[PROVIDED MATERIAL Boundary: Start]
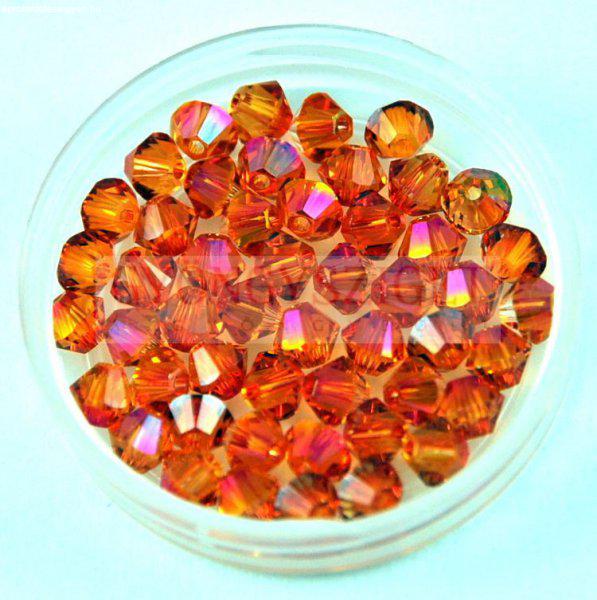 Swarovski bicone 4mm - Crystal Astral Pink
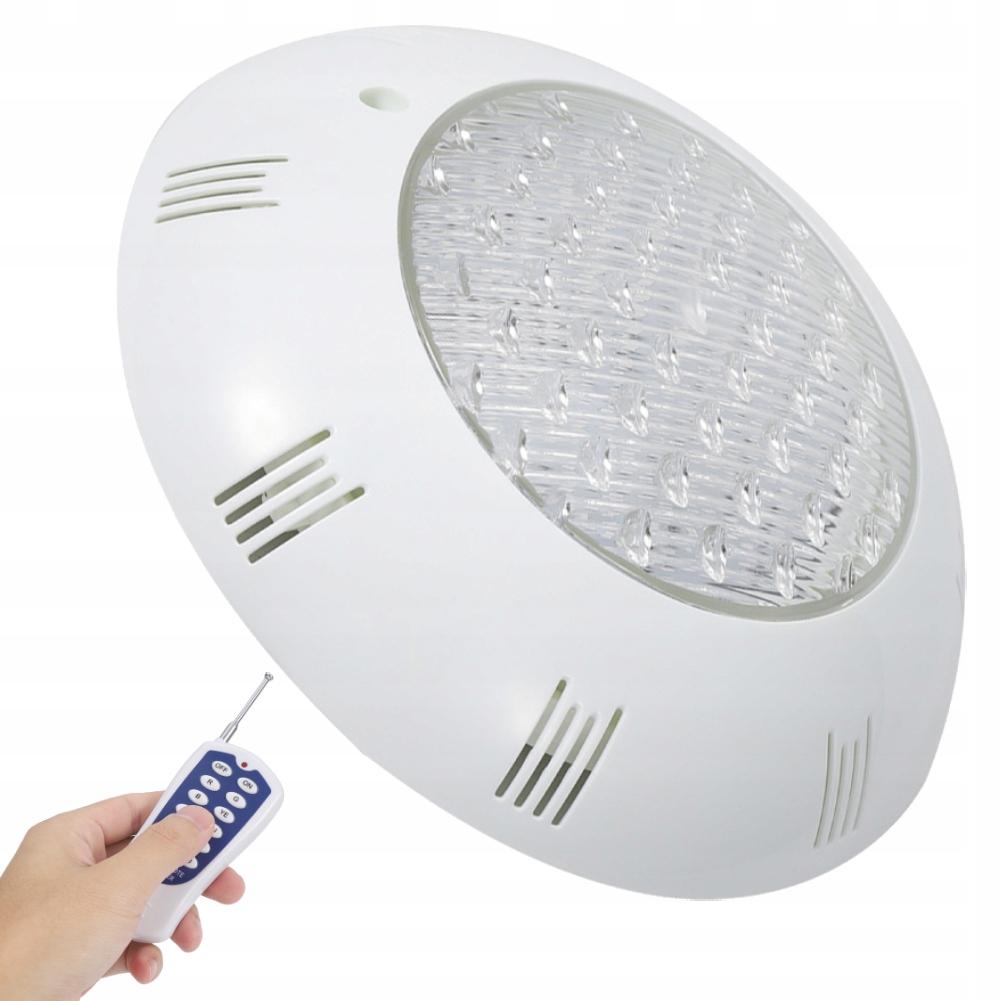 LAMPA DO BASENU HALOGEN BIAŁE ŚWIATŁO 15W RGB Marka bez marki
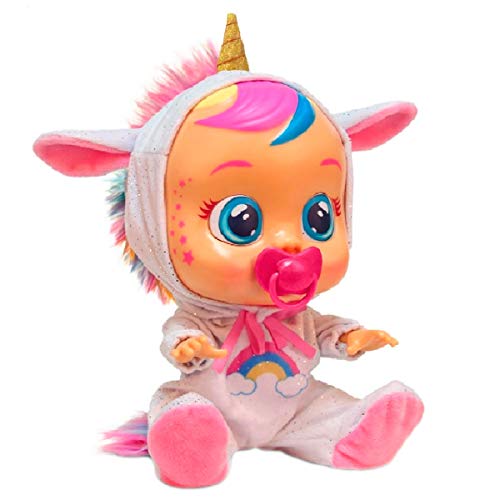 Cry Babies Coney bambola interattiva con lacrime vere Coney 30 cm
[PROVIDED MATERIAL Boundary: End]
Leave out every picture and copy verbatim the lines running from the line containing "LAMPA DO BASENU" through the final line of the data.

 LAMPA DO BASENU HALOGEN BIAŁE ŚWIATŁO 15W RGB Marka bez marki
 Cry Babies Coney bambola interattiva con lacrime vere Coney 30 cm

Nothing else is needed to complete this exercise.